Selçuklular bölgeye hakim olduktan sonra Ahlat şehri bir nebze
olsun yaralarını sarabilmiştir. Çünkü Alaaddin Keykubat Ahlat’ı eski ününe
kavuşturmak için komutanlarından Kemaleddin Kamyar’ı görevlendirmiş ve doğunun
incisi Ahlat, 1232’nin baharında Selçuklu egemenliğine alındıktan sonra eski
ününe tekrar kavuşmuştur. Fakat bu sefer Moğollar akın akın Anadolu'ya
girmişler ve Ahlat şehrini de yağmalamışlardır. Bugün on binleri bulan Ahlat
mezar taşları önemli bir kültür hazinesidir. Anadolu'nun tapusu konumundadır.
Buralarda zamanında kimlerin yaşadığının ölümsüz tanıklarıdır.
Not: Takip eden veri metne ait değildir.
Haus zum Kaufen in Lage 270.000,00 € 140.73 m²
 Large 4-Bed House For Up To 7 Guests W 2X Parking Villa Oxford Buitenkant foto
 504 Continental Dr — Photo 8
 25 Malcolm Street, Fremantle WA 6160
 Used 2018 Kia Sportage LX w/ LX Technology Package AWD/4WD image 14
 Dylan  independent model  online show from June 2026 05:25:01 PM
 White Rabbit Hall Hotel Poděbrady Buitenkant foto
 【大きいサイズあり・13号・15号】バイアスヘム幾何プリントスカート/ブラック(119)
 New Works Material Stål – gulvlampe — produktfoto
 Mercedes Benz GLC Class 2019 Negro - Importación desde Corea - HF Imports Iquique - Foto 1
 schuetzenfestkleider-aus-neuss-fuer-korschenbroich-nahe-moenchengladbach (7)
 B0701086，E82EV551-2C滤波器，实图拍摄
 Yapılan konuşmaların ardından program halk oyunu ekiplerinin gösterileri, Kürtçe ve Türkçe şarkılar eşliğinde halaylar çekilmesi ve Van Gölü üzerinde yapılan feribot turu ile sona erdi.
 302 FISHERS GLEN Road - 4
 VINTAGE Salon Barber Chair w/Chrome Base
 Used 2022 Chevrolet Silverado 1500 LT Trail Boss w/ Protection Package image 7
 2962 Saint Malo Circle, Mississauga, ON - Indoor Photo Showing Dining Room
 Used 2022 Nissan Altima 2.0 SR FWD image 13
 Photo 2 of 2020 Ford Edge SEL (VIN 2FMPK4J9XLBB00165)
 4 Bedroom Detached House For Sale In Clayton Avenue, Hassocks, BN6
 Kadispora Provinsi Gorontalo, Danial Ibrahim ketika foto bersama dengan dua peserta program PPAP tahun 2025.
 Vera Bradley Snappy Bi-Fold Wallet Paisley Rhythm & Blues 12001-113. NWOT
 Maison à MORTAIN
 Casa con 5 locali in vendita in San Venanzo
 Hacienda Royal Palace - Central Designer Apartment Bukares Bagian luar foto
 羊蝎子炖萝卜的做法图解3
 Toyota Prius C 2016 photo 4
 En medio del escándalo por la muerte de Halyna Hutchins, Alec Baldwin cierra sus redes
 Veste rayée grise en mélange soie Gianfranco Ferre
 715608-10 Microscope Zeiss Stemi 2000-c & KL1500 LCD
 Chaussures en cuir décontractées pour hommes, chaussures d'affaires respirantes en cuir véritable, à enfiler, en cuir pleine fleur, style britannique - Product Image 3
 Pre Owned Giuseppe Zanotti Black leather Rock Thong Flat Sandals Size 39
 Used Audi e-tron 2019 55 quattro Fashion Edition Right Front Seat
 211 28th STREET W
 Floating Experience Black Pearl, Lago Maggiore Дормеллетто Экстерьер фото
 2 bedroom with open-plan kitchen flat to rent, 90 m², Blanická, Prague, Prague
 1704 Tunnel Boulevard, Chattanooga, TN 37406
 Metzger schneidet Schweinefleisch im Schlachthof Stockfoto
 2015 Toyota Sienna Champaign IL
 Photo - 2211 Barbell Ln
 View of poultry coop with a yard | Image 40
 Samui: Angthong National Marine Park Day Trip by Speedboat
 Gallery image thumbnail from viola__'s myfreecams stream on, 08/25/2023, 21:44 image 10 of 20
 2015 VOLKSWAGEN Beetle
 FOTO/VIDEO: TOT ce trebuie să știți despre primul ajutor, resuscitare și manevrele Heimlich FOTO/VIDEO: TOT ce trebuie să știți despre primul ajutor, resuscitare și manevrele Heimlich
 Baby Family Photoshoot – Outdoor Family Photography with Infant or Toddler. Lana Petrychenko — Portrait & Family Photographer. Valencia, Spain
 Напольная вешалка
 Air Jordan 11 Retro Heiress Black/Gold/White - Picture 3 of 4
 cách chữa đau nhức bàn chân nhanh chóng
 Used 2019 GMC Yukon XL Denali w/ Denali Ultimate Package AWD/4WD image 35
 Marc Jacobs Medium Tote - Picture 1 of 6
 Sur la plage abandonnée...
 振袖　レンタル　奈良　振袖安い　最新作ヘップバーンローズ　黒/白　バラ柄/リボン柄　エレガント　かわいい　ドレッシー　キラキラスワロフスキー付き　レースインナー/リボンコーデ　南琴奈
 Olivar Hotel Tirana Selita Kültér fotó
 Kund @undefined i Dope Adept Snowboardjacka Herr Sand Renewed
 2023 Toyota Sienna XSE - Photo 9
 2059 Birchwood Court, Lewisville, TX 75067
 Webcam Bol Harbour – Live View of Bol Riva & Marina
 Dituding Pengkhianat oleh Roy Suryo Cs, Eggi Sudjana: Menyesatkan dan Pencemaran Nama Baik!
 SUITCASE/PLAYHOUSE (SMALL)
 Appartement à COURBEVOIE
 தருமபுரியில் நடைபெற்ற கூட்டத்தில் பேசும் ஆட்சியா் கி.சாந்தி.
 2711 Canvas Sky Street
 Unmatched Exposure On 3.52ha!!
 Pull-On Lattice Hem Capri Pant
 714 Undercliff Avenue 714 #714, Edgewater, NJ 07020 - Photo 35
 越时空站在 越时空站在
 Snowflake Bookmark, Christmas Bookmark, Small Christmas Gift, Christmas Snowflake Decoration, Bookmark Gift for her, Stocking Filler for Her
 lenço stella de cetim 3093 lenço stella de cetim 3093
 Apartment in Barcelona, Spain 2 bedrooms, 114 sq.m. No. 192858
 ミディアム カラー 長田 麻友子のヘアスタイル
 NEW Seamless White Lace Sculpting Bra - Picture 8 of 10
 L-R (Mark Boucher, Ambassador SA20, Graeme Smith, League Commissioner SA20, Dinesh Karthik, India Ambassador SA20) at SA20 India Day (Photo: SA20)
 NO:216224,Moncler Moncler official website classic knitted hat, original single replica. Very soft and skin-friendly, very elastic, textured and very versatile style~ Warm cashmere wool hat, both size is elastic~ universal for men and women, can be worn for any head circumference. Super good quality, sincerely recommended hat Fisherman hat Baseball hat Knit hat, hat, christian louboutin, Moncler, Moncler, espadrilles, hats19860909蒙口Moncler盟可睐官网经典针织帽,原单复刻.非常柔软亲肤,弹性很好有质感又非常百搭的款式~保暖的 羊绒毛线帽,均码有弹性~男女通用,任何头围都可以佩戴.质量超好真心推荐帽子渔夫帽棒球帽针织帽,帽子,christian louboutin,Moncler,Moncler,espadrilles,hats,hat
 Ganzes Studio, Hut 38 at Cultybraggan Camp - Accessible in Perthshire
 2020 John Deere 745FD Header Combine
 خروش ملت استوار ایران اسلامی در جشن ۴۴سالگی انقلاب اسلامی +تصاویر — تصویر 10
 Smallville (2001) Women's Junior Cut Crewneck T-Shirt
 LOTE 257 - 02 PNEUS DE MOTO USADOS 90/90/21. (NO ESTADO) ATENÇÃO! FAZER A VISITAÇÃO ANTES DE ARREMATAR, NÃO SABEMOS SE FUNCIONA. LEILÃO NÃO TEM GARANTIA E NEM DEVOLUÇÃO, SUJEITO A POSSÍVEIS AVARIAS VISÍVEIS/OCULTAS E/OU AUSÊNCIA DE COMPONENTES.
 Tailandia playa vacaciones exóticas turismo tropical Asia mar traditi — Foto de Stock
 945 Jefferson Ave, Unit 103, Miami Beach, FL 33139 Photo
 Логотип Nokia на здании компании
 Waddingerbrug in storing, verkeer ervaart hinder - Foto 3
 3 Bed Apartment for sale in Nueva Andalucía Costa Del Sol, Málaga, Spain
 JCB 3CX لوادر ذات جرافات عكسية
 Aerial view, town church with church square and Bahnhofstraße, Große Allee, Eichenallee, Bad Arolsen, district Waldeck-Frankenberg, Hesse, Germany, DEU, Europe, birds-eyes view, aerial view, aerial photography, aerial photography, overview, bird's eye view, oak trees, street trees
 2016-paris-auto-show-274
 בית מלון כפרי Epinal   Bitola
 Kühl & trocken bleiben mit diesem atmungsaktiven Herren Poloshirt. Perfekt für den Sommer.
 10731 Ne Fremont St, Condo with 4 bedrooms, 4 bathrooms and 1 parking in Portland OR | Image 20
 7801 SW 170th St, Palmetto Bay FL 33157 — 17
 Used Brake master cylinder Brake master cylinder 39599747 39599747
Ahlat tarihi
zenginliğinin yanı sıra Van Gölüne sınır olması nedeniyle önemli bir turizm
potansiyeli de vardır. Aynı zamanda Doğu ve Batı yönünde bir kavşak
noktasındadır. Kâtib Çelebi Ahlat’ın elma ve kaysısı meşhur bağlık bahçelik bir
şehir olduğunu kaydeder; 1655 yılında Ahlat’a uğrayan ve şehir hakkında geniş
bilgi veren Evliya Çelebi de Van gölünde tutulan balıkların Acem tüccarlarına
satıldığını ve elde edilen parayla da Van çevresinde görevli askerlerin
ulûfelerinin karşılandığını söyler[1].
[1] Faruk Sümer, “Ahlat”, DİA, C, 2, s. 19.